There is good evidence that the first Shatto (Château) immigrants to North America represented a mixed marriage. Jean Nicol was Protestant, perhaps Huguenot, and his wife Eva Maria appears to have been Roman Catholic. Assuming this was indeed the case, it would provide one reason for their choosing Philadelphia as their destination. Founded by Quaker William Penn on the principle of religious freedom, Pennsylvania was long a refuge for those fleeing religious persecution. In 1739 it would have been one of the few places where the young couple could live and rear their children without fear of harassment.
More than a half century later, freedom of religion was codified in the First Amendment to the Constitution of the newly formed United States of America. “Congress shall make no law respecting an establishment of religion, or prohibiting the free exercise thereof …” In the centuries since that amendment was ratified in 1791, numerous court and legislative battles have been fought over just what it means and how it is to be applied in daily life. There is a constant effort to find balance between the rights of the individual and the interests of the state in securing the common welfare.
Over the years the practice has developed of providing exemptions for those who, because of deeply held religious beliefs, are unwilling to comply with laws that have been enacted for the common good. We here in central Pennsylvania are well aware of the exemptions and compromises worked out between government and the Amish. Amish refuse to participate in insurance plans and thus have been exempted from paying Social Security payroll taxes. Their children may leave classroom study at age fourteen without penalty, and they are eligible for non-photo official ID because of their religious strictures against making graven images. On the other hand, their resistance to the use of electricity does not exempt dairy farmers from the public health laws that determine the temperature at which milk must be stored. In this case concern for the greater good of food safety overrides individual belief.
The question of how expansively the principle of religious freedom may be used to justify accommodation for individual conscience has become a point of significant contention in recent years. Conservative Christians, primarily Roman Catholic leaders and fundamentalist Protestants, argue that they have both an individual and an institutional right to refuse to participate in any way in the provision of medications and medical procedures against which they have religious objections.
While limited accommodation has been made for a number of decades in regards to abortion, these conservative Christian groups now seek to significantly broaden the exemptions they enjoy. For example, they argue that a pharmacist has the right to refuse to fill a prescription for birth control pills or devices if the pharmacist is religiously opposed to the use of birth control. And that a business owner, even if the business has no religious purpose, has the right to deny insurance coverage for birth control to employees.
In another area of concern, Focus on the Family and the Alliance Defending Freedom are leading efforts to derail or subvert legislation and school policies aimed at curbing bullying and creating a safe learning environment for all students.

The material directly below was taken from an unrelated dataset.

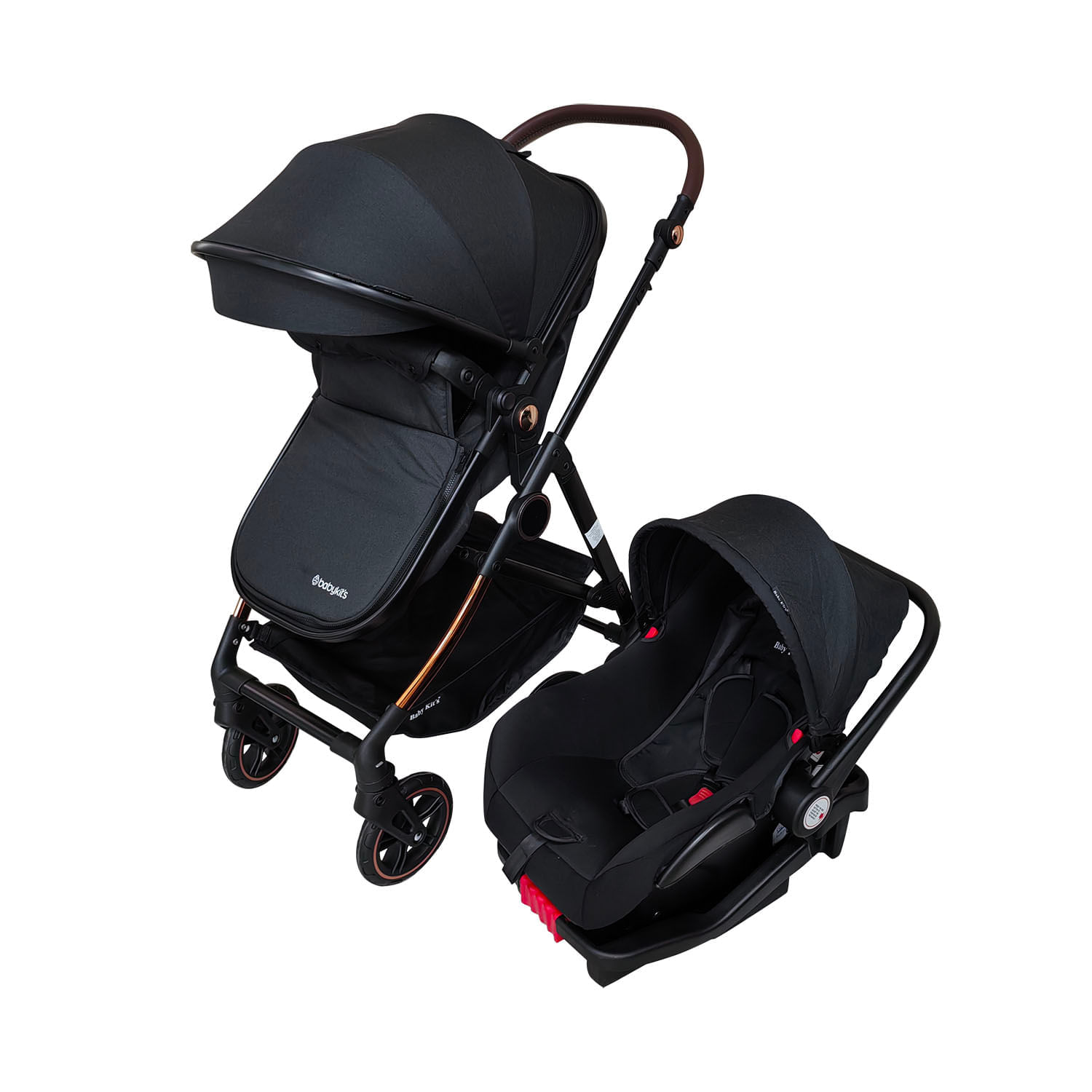 Coche Para Bebé Baby Kits Vox Ts Con Portabebé Negro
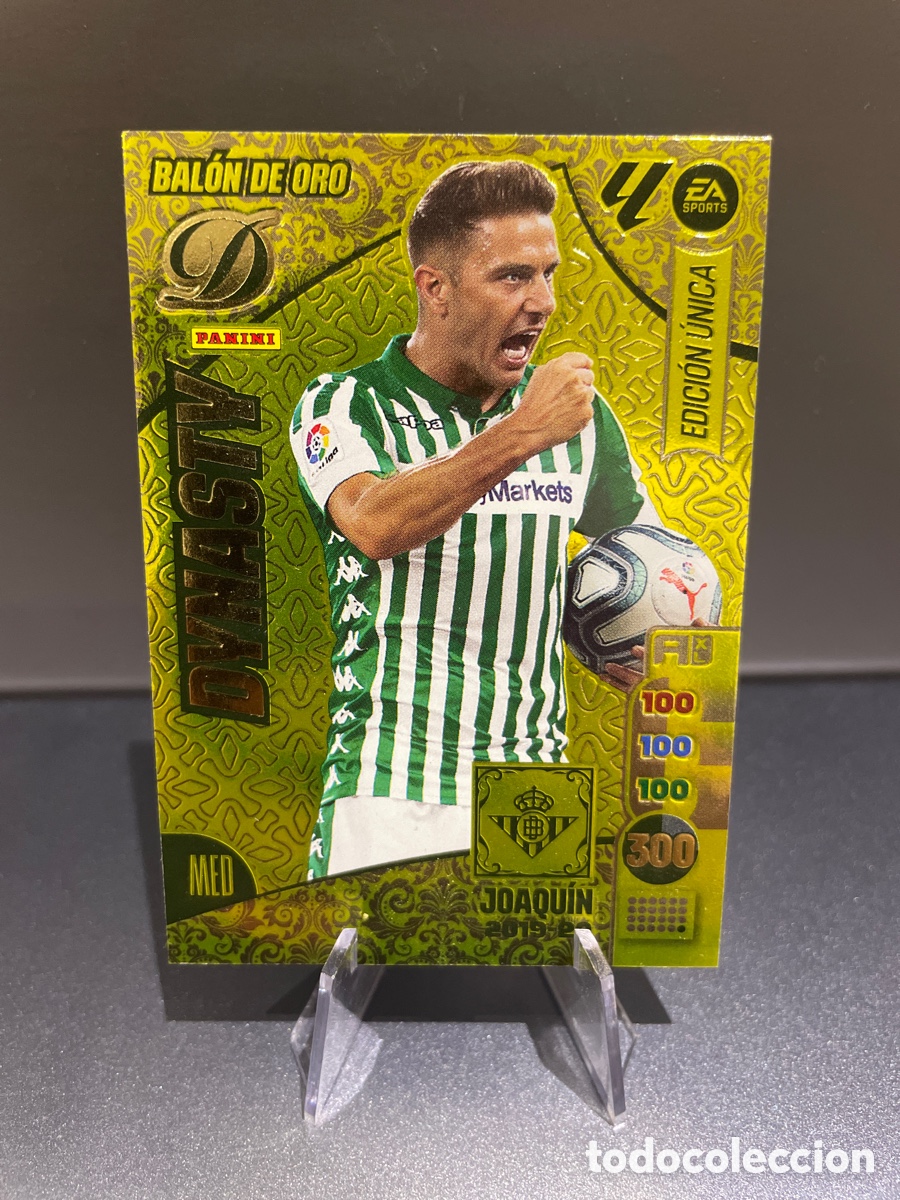 Football Stickers: Joaquin Dynasty Balon de Oro Edicion Uinica Panini Adrenalyn 2024-25 Betis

They argue that bullying behavior should not be stopped if the bully is acting out of a “sincerely held religious belief.” Because the victims of bullying often are, or are perceived to be, of homosexual or transgender orientation, such a religious exemption would in effect be giving a bully license to gay-bash with impunity. It also puts youthful members of non-Christian religions at increased risk.

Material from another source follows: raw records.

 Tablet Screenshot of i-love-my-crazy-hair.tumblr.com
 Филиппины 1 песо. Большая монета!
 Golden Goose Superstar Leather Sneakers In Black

The obvious question that all these arguments raise is, “To what extent may one person’s exercise of religious freedom be permitted to deny freedom to another?” Do teen-agers who feel called to preach the sinfulness of homosexuality or who believe that all Muslims are terrorists have the right to harangue their classmates? Or is that perceived right outweighed by all students’ rights to be free from taunting and harassment?
May a doctor or hospital deny emergency contraception to a rape victim, even if no alternative source is available within reasonable proximity? What about the doctor who refuses to give information about alternatives or deliberately gives misleading information in order to prevent the woman from receiving the services she needs? Some would consider such tactics to be an admirable use of civil disobedience, comparable to the lunch counter sit-ins of the civil rights era. Others say that they are an unacceptable imposition of one’s religious beliefs on another who does not share those beliefs.
When I was a child, one of the books I read repeatedly was a collection of Aesop’s fables. I can still recall the illustration for “The Dog in the Manger” – a snarling canine crouched on the hay he will not eat, snapping at the faces of the cattle that have come to feed. It sometimes seems to me that this picture represents the attitude of those who claim “religious freedom” in order to deny rights and services to others: “I don’t believe in it, so you can’t have it.”
We live in a country where civil authorities must sort out all these conflicting claims. It’s a challenging and difficult task. Offense to the consciences of some must be balanced against harm to the persons of others. When there is general agreement across a wide variety of religious and secular viewpoints on a given topic, the task is made easier. Yet even widespread agreement is not an absolute criterion for determining action. Foundational to our Bill of Rights is the concept that the civil rights of a minority must not be subject to majority vote.
Demographic studies show us that the population of the United States is becoming ever more diverse racially, ethnically, and religiously. If we are to hold together and thrive as a single nation, no one group can be permitted to impose its particular religious beliefs on others who do not share them. That way lies theocracy, and a return to the kinds of oppression that many of our ancestors fled centuries ago. Let us pray that balance, tolerance, and true religious freedom remain the law of our land.